_Problem statement_
Where in the data below does the word "your" appear? Copy each line that holds it.

_Records for the task_
[Start of section]

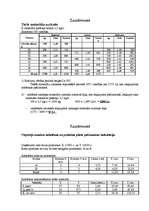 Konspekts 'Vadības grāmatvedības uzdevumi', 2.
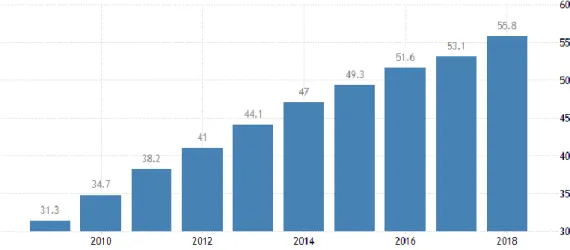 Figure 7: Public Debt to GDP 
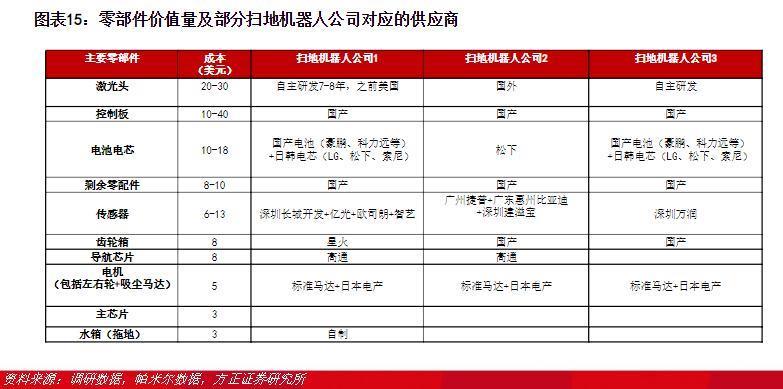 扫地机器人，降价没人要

[End of section]
[Start of section]

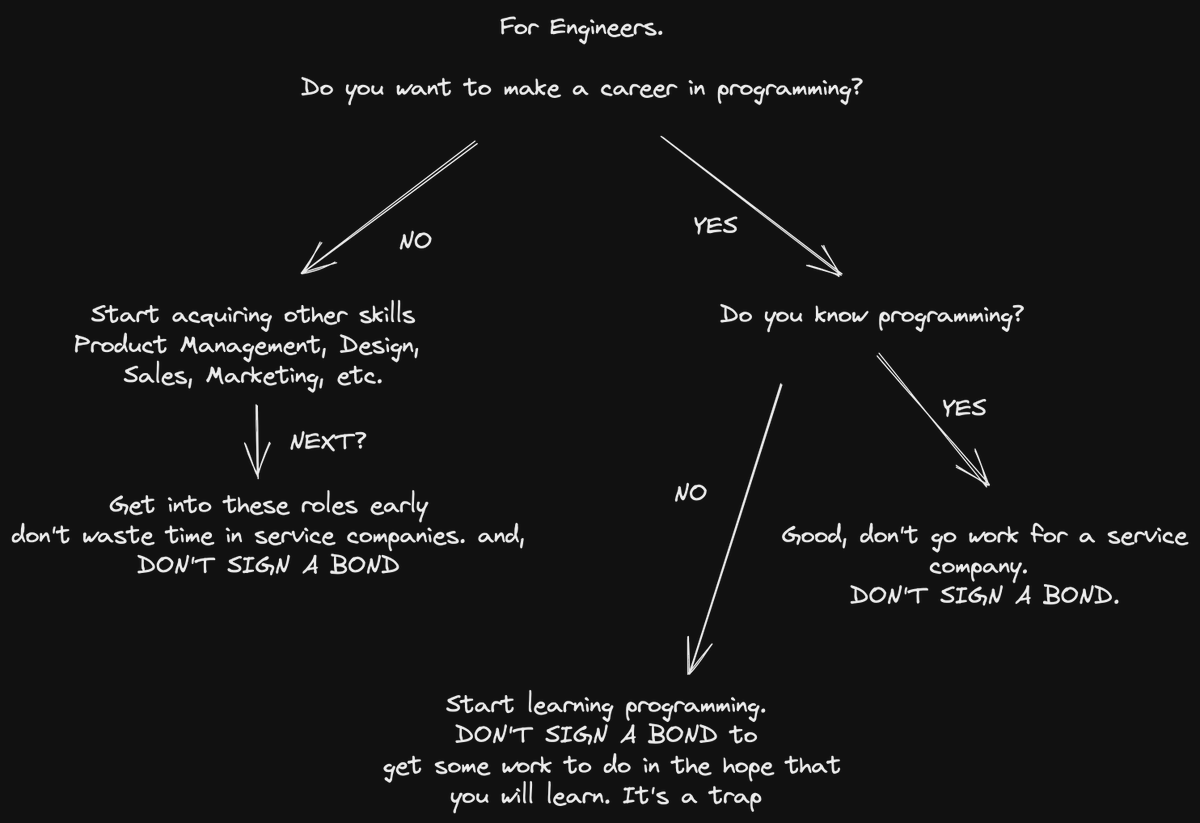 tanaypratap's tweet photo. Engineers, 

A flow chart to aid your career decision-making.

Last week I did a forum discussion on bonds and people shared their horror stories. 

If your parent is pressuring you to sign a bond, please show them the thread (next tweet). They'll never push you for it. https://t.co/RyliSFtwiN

[End of section]

_Exercise answer_
A flow chart to aid your career decision-making.
If your parent is pressuring you to sign a bond, please show them the thread (next tweet). They'll never push you for it. https://t.co/RyliSFtwiN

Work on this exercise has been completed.